My 2000 F250 recently has started to be hard or unreliable to drive somewhere fearing it won't start for the return trip.

Biggest problem is after it's been driven, but lately every other time when it's sat for awhile regardless of weather, it has to crank quite a bit to start but usually always does. After I've driven somewhere, go in do my thing, and start to return, it just cranks and cranks and cranks without sounding like it wants to fire at all. I carry my jump box and cables cause I've ran the batteries down enuff on two occasions trying to start. After it has sat for 90 minutes to 2 hours, and with a booster box for the now low batteries, it cranks and I keep the crank going until I hear the starter spon up and some combustion and voila.

Now other than keeping it running, I'm afraid to drive it anywhere where I have to turn it off. Happened again yesterday helping my inlaw change out a water heater.

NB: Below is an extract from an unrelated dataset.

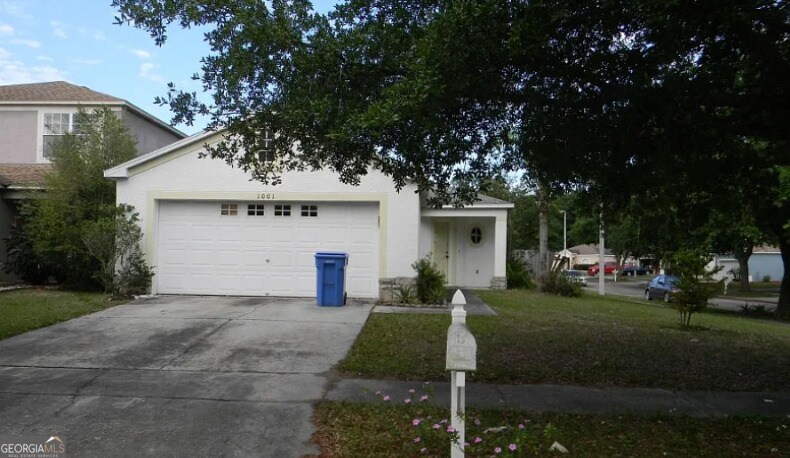 view of front facade featuring concrete driveway, stucco siding, and an attached garage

My first gut feeling is maybe it's a fuel pressure thing? But I've "Binged" the problem and see something about oil pressure? to get the injectors to fire especially when the oil is warm and less viscous?

Where should I start and work towards more complicated? Where can I purchase a scantool for it?

I should also mention I only drive it when I need to use a truck (boat, dump, lumber, etc). It has approx 147k miles. And I had the recall done on it last year. Not sure if that would have any impact on it?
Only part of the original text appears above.